This weekend, someone — specifically, George Stephanopoulos — saw fit to ask Arizona Senator Jeff Flake what he thought of the Republican party’s position on climate change. Senator Flake, an active member of the party controlling our nation’s legislative branch (as well as its executive and judicial branches), said that he thinks the government should do more to combat warming.

You can always count on Flake to say something vaguely ethical and then do whatever will most directly undermine it. Most recently, you may remember him for giving an impassioned soundbite in support of Christine Blasey Ford, the woman who accused Supreme Court nominee Brett Kavanaugh of assault, … and then immediately voting to confirm Kavanaugh to the court. You may also recall him speaking out against the Republican tax reform effort last December … and then immediately voting to make it law.

Conflict-resolution theory, according to Kim Kardashian West’s makeup artist, dictates that when you are disappointed in someone’s behavior, you should mention some of their good qualities so that it’s clear you are viewing them in a balanced way. Here we go: Jeff Flake has very nice teeth. On Sunday, Flake showed off his excellent chompers while giving the following vacuous reaction to the recent, upsetting U.N. climate change report to Stephanopoulos on ABC’s The Week:

“There’s been more recognition [of the need for climate action] among Republicans, but the administration hasn’t taken the view of some of us that this is something we really need to deal with along with the rest of the world and address this. It’s going to be challenging — obviously, that report that came out was pretty dire. But I think there’s things we can do and should do, and Republicans need to be at the forefront if we want to keep our place and keep our seats.”

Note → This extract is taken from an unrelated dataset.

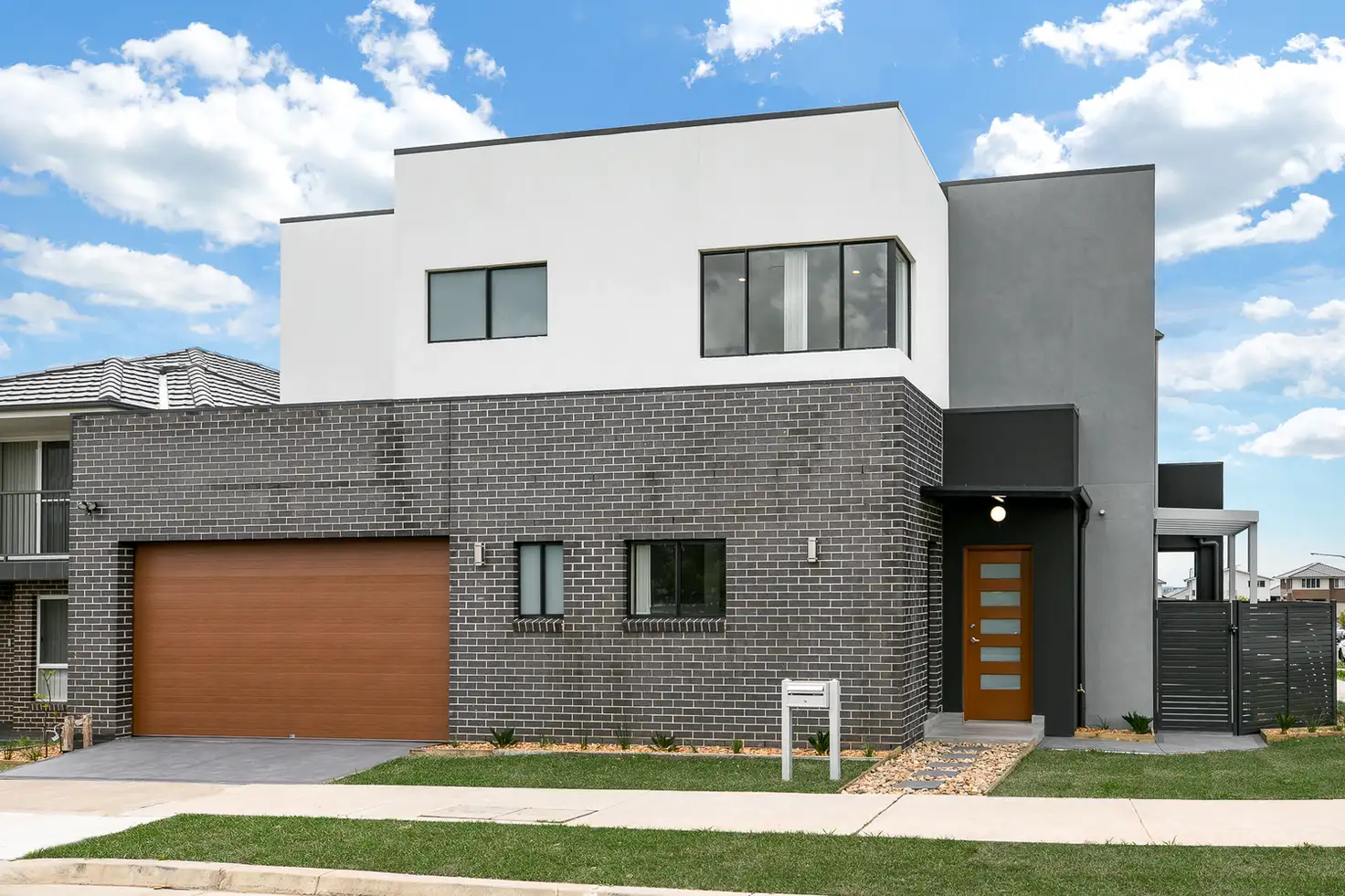 Main view of Homely semi-detached listing, 22 Faulkner Way, Edmondson Park NSW 2174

It is true that Republican officials have not been particularly proactive on the matter of climate change, to say the least. Just this weekend, in the aftermath of the “dire” IPCC report, President Trump’s economic advisor Larry Kudlow stopped just short of calling the assessment a “scare tactic.” And Flake’s colleague Marco Rubio, who represents Florida, where Hurricane Michael made its devastating landfall this past week, said he did not want to “destroy our economy” to combat climate change.

As a U.S. senator in a majority party, Jeff Flake is one of the one hundredth of one percent of humans in the world who can have a real, direct, tangible influence on slowing climate change. While he’s not seeking re-election this year, here is what he’s done with that position of power: He voted to confirm Rex Tillerson, Rick Perry, and Ryan Zinke to Trump’s cabinet. He voted against restricting methane pollution, incentivizing energy-efficient homes through the mortgage market, and banning fossil fuel drilling in the Arctic Refuge. He has a 8 percent pro-environmental voting record, according to the League of Conservation Voters.

Now that he’s made public comments about the need to take on climate change, I look forward to Jeff Flake’s upcoming vote to build more coal plants on top of whales.